Security Engineer

Volunteer Corporate Credit Union•Nashville, TN

1d•Hybrid

About The Position

Responsible for the day-to-day operation of VolCorp's Information Security program, including assisting in designing, planning, implementing, and supporting security solutions across the enterprise, including networks, servers, communications, workstations, and cloud environments. This position plays a key role in maintaining the corporate's overall security posture and defending against security threats.
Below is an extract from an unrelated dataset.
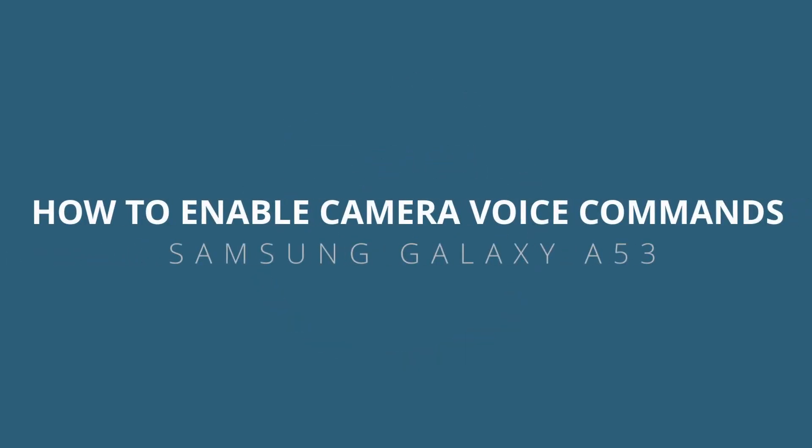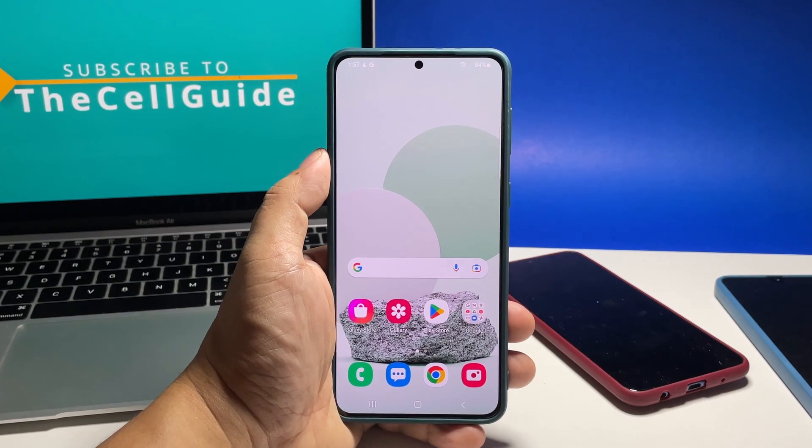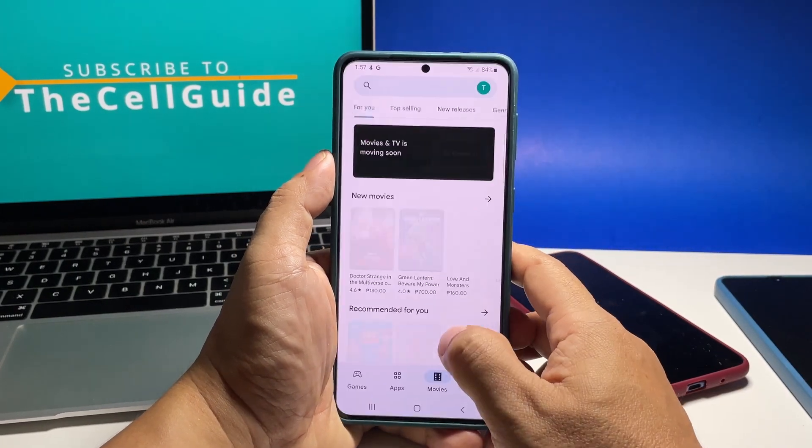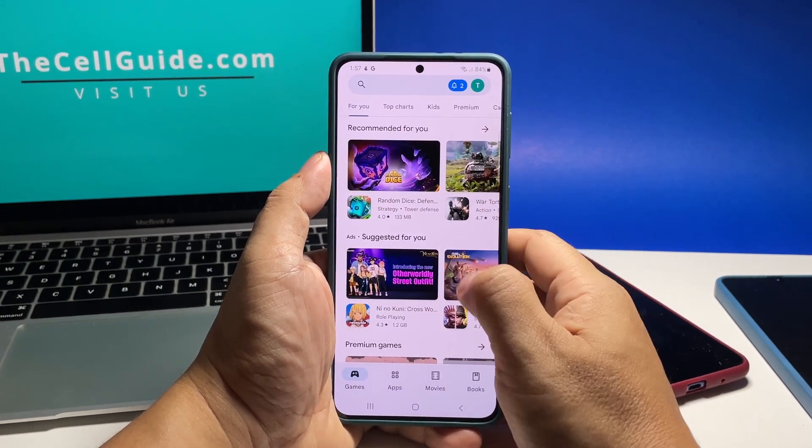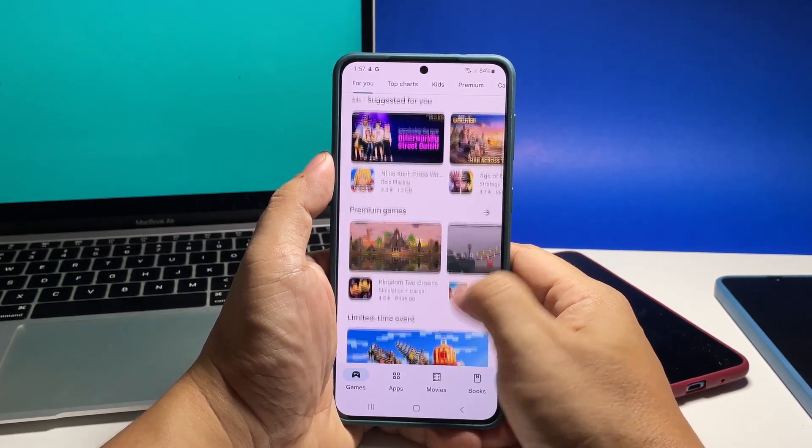In this video, we will show you how to enable the camera voice commands on Samsung Galaxy A53 so that you can snap pictures or record videos without even touching your phone. This feature can be very useful if nobody is around to snap a picture of you.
The Security Engineer will work closely with the Information Technology, Software Development, Risk Management, Security, Compliance, and Internal Audit teams to ensure secure architecture design, monitoring and response, and vulnerability management meet the desired risk appetite set by the organization.

Requirements

Bachelor's Degree in area of specialty or equivalent years of directly related experience.
2 or more years of hands-on experience in information security, with exposure to security tools, practices, and frameworks.
Wide knowledge of computer security architectures and networking protocols.
Knowledge of administration of firewall, WAF, Intrusion Detection System, and VPNs technologies.
Knowledge with virtual environments (server virtualization and VDI).
Knowledge of Microsoft Operating systems (Windows Server and Desktop), M365, Azure, EntraID.
Knowledge of Endpoint Detection and Response, NGSIEM/SIEM platforms, and securing cloud implementations.
Working knowledge of information security frameworks – NIST CSF, CIS, PCI-DSS.
Knowledge of compliance and data privacy frameworks – GLBA, CCPA, GDPR, NIST.
Ability to produce accurate detailed systems documentation.
Effective interpersonal, verbal, and written communication skills.
Excellent time management skills with the ability to plan, prioritize, and manage multiple security related projects with daily tasks.
Self-motivated.

Nice To Haves

Palo Alto Network Firewall preferred

Responsibilities

Assist with internal security consultation for planning, implementing, and hardening of endpoints within the network.
Partner Security and IT teams with deploying, configuring, and maintaining network security tools and technologies – Firewalls, Web Application Firewalls (WAFs), IDS/IPS, Endpoint Detection and Response (EDR), SIEM/SOAR platforms, and virtual Security Operations Center (vSOC).
Monitor network infrastructure/systems for security threats, establish procedures for identifying and isolating threats, reducing threats/attack surface.
Assist with any security breach investigations, document the security incidents, assessing damage, root cause analysis, support for necessary breach notifications, and establishing chain of custody for forensics.
Assist with the performance of penetration testing, documentation of alerts during the test, and work with Security, IT Operations and Software Development to resolve gaps in security posture.
Assist with the design, planning, and implementation of security systems, network, applications, and cloud infrastructure to meet the information security program and board appetite.
Assist with defining security baselines, follow industry leading practices, compliance with regulatory and internal policy frameworks, such as NIST CSF.
Responsible for performing vulnerability scans, validation of vulnerabilities, and collaborating with IT Operations and Software Development on remediation efforts.
Assist IT Operations and Software Development regarding patch management programs by identifying gaps, providing guidance on mitigations, meeting established metrics for reporting, baseline hardening, and continuous development of security posture.
Perform threat hunting/modeling within our environment, documenting associated risk within the risk assessment, prioritize vulnerabilities and remediations based on impact to the corporate, exploitability and risk appetite.
Maintain contact with software vendors to research security products and discuss new applications.
Develop external contacts to form sound relationships with other (companies or individuals) in the information security field.
Maintains working knowledge of external threats as well as new emerging threats targeting the financial services industry.
Research and recommend security tools and technologies for annual budget to improve the corporates information security posture.
Acting as a liaison between end users, management, IT and Software Development staff on matters relating to information security and cybersecurity.
Collaborate with IT and Software Development teams to ensure secure deployment, configuration, and operation of applications and security tools across the environment.
Assist in post deployment support and troubleshooting efforts.
Perform other related duties as required.
Adhere to company and governmental policies and regulations including those related to Equal Employment Opportunity and Affirmative Action Plan compliance.

Benefits

Generous allotment of pro-rated vacation, discretionary and sick time to any part time employee who will work an average of 24 or more hours in a week.
11 holidays per year (Federal Reserve guidelines).
Medical
Dental
Life
Disability
Vision
Health Reimbursement Accounts
Health Savings Account
Flexible Spending Accounts
Company will make a 3% contribution to your 401K plan.
Company will make a 7% contribution to a Retirement Savings Fund Plan which is a combined total contribution of 10%.
The contribution takes place even if you choose to not personally contribute.
Roth or tax deferred investment options for personal contributions.
Paid time off provided to work with a local charitable organization.
$1,000 sign on bonus after completion of 60 days.